As Charles Darwin, the father of the Theory of Evolution, famous observed: “It is the long history of humankind (and animal kind, too) those who learned to collaborate and improvise most effectively have prevailed.” Oliver Wendell Holmes shared a similar sentiment: “Many ideas grow better when transplanted into another’s mind than the one where they sprang up.”

Being able to collaborate with your team effectively is essential to its success, but what if the members of your team are not physically present? A staggering 37 percent of all U.S. workers now telecommute, according to recent analysis. Collaborating with remote team members is nearly unavoidable, no matter what your business is or how much in house capacity you’ve cultivated.

Follow these tips to encourage productivity and great relationships with your remote workers:

1. Practice good email etiquette.

Every email should be clear and concise. Train your team members in your desired email protocol.
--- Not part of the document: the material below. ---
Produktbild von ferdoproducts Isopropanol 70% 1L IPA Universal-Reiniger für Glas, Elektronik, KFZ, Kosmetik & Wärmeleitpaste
Be specific about what you expect, and provide feedback regarding style, tone and timeliness, especially with respect to client management. Practice what you preach. When you receive an email from a team member, reply to it as soon as you can. If you won’t be able to fully respond in a timely manner, send a short note to let the sender know that you haven’t forgotten him or her. Consider discussing/implementing David Allen’s productivity rules for permanently ship-shapeemail inboxes.

2. Encourage phone calls.

When an urgent matter arises or an email isn’t clear, encourage your team members to call you directly. Likewise, if you need clarification or immediate action on the part of a team member, don’t hesitate to call. Train all members of your team to return your phone calls as soon as possible. Avoid passive aggressive behavior and sitcom-like errors and omissions by creating a process that forces open communication.

3. Reserve time to talk face-to-face.

Even though your remote team members aren’t in the office with you, you can still speak face-to-face with the help of technologies such as Google Hangouts, Skype and FaceTime. When important topics require more in-depth discussion, these virtual meetings break down the barriers and encourage faster, more effective problem solving. Regular face-to-face meetings also help your team members to become more comfortable with one another, which facilitates better communication in the future. Finally, remember that body language conveys a tremendous amount of information that the content of language and even voice inflections cannot describe – you need that full visual to get a sense of what’s going on with your virtual team.